We have peace with God through our Lord Jesus Christ…and we rejoice in our hope of sharing the glory of God. 

Earlier today Cardinal Cormac’s body was received here at Westminster with solemnity and with affection by the Provost and Metropolitan Chapter of the Cathedral. It brought back to mind the morning, seventeen years ago, when he was received and led into the Cathedral for the first time as Archbishop of Westminster at the beginning of his Mass of Installation.  

On that occasion there was due solemnity but there was also affection.  And there was plenty of hope and joy, the theological virtue and its fruit which characterised Cardinal Cormac’s life. These two went before him in his motto Gaudium et Spes, they accompanied him to the very moment of his death and they brought him the great peace that was so evident in his final days among us. 

We rejoice in our hope of sharing God’s glory. St Paul’s Letter to the Romans sets before us the link between hope and joy which also spanned the Christian life and the priestly ministry of Cormac Murphy-O’Connor.  We have gathered to remember him, to pray for the repose of his soul, to console one another, but above all to praise and worship to God for the remarkable blessings that have come through the Cardinal’s life and ministry, just as he would have urged us to do and to do without delay. 

It was in Cardinal Cormac’s nature and temperament to be impatient for results.

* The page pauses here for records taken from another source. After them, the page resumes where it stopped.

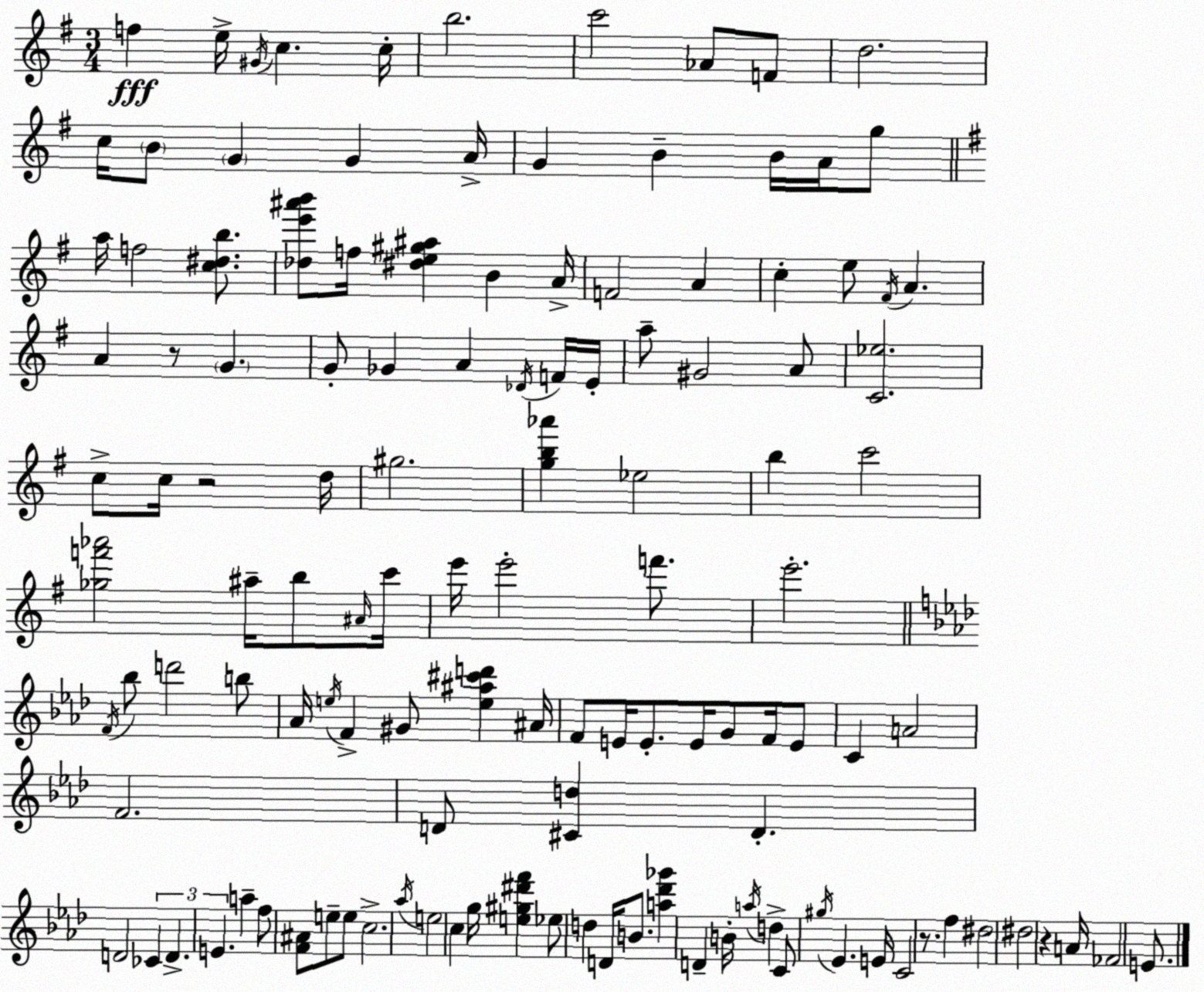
X:1
T:Untitled
M:3/4
L:1/4
K:Em
f e/4 ^G/4 c c/4 b2 c'2 _A/2 F/2 d2 c/4 B/2 G G A/4 G B B/4 A/4 g/2 a/4 f2 [c^db]/2 [_de'^a'b']/2 f/4 [^de^g^a] B A/4 F2 A c e/2 ^F/4 A A z/2 G G/2 _G A _D/4 F/4 E/4 a/2 ^G2 A/2 [C_e]2 c/2 c/4 z2 d/4 ^g2 [gb_a'] _e2 b c'2 [_gf'_a']2 ^a/4 b/2 ^A/4 c'/4 e'/4 e'2 f'/2 e'2 F/4 _b/2 d'2 b/2 _A/4 e/4 F ^G/2 [e^a^c'd'] ^A/4 F/2 E/4 E/2 E/4 G/2 F/4 E/2 C A2 F2 D/2 [^Cd] D D2 _C D E a f/2 [F^A]/2 e/2 e/2 c2 _a/4 e2 c g/4 [e^g^d'f'] _e/2 d D/4 B/2 [a_d'_g'] D B/4 a/4 d C/2 ^g/4 _E E/4 C2 z/2 f ^d2 ^d2 z A/4 _F2 E/2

This was not the impatience of frustration or irascibility, critical of others’ slowness or hesitation.  It was the impatience that is borne out of hope: longing to see God’s will achieved in the lives of others and for the good of others. It was the impatience that arose from a perceptive nature, whose insights and understanding realised the many possibilities for achieving and doing good long before they were grasped by colleagues and friends. 

In the personality of Cardinal Cormac the virtue of hope also awakened a life-long awareness of the God-given potential that lay within people or situations and ultimately within himself. Regarding his own life he lived by the motto which he would often quote: nemo sibi judex (nobody can be his own judge).  Even until the very end of his life he would humbly ask the opinions of others about a policy, a decision or a statement that he was considering. 

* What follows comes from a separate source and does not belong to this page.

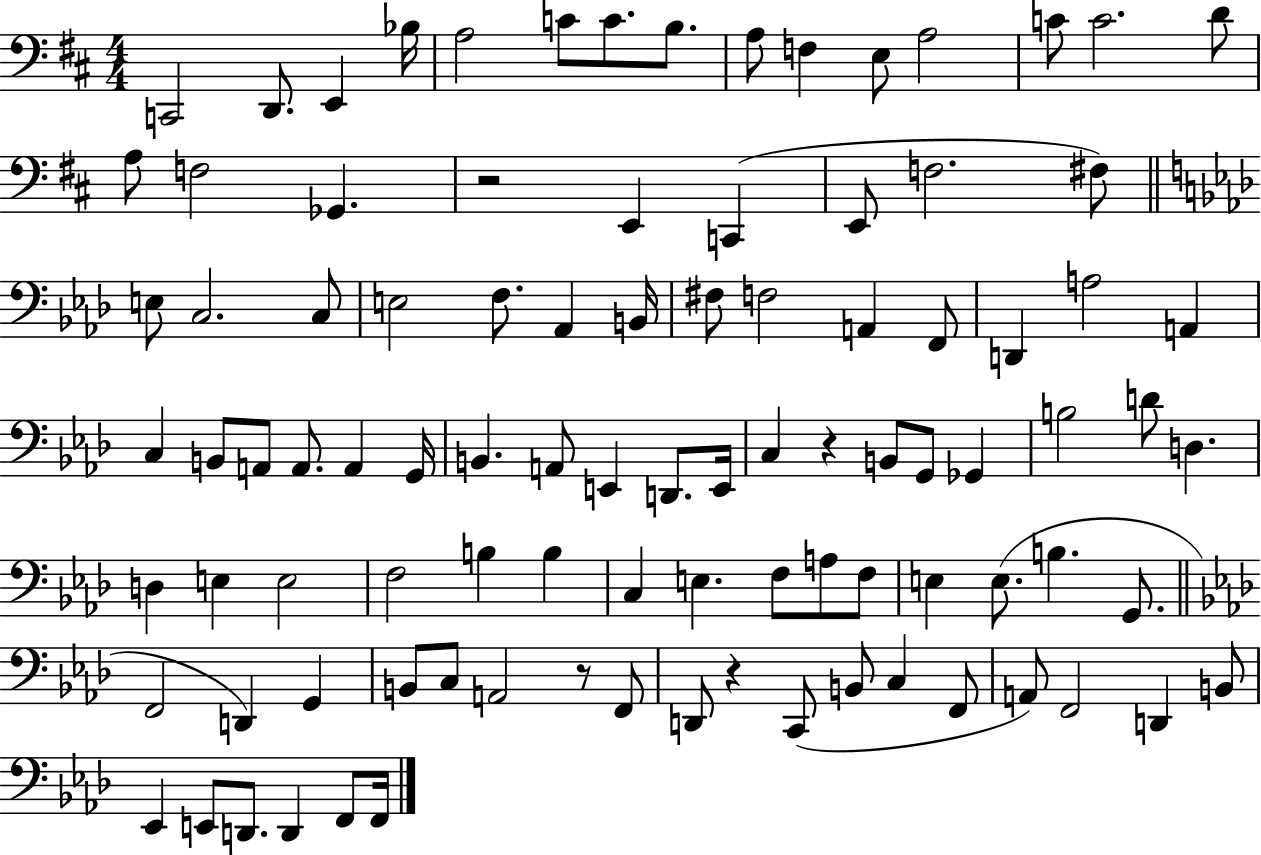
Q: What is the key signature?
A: D major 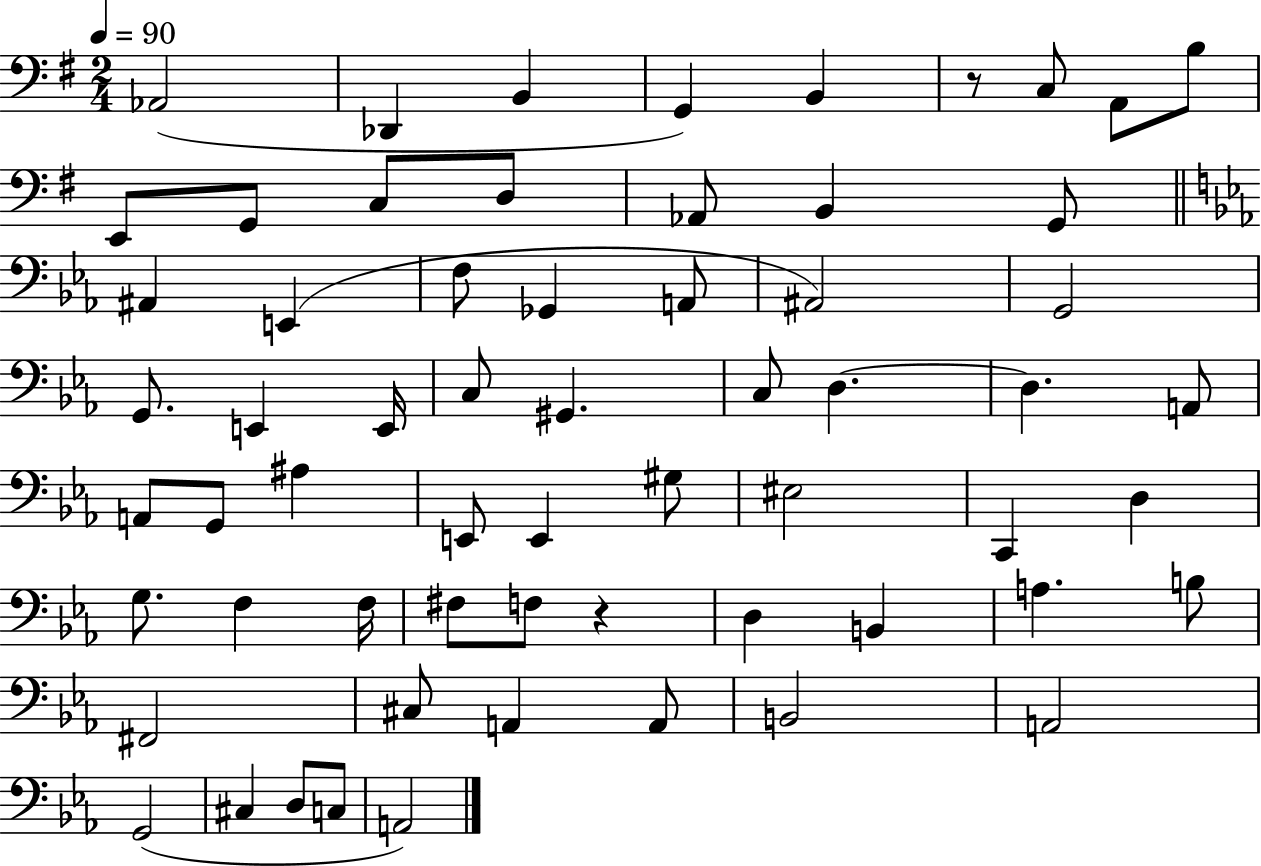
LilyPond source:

But it was hope that made him joyful as well as peaceful in the decisions that he made. He maintained that when we are faced with making a great decision for ourselves we must come to recognise some joy in the matter before us, for the experience of joy is a measure of our hope. This insight has helped many of those who sought his advice to discover the right way forward. It made him a great friend and it made a great priest and bishop. 

For Cardinal Cormac the source of this hope was the prayer which daily united him with Christ. For this reason he would acknowledge, as we must today, that no good thing came from his life except by the grace of Jesus Christ. It is the same Lord, the crucified One, to whom he would turn at the outset of each day and at the end of his life for forgiveness and mercy. It is to the crucified and risen Lord that we turn today to ask pardon and peace for him, knowing that we have peace with God through our Lord Jesus Christ

It was hope that led Cardinal Cormac to follow his calling to the priesthood in company with his brothers when other attractive and worthwhile careers lay easily within his grasp as a young man. It was hope that gave him the confidence to accept demanding appointments with grace and enthusiasm as a pastor and formator of pastors. It was hope, deeply embodied within his character and personality, that enabled him to see the potential within situations that eluded others. 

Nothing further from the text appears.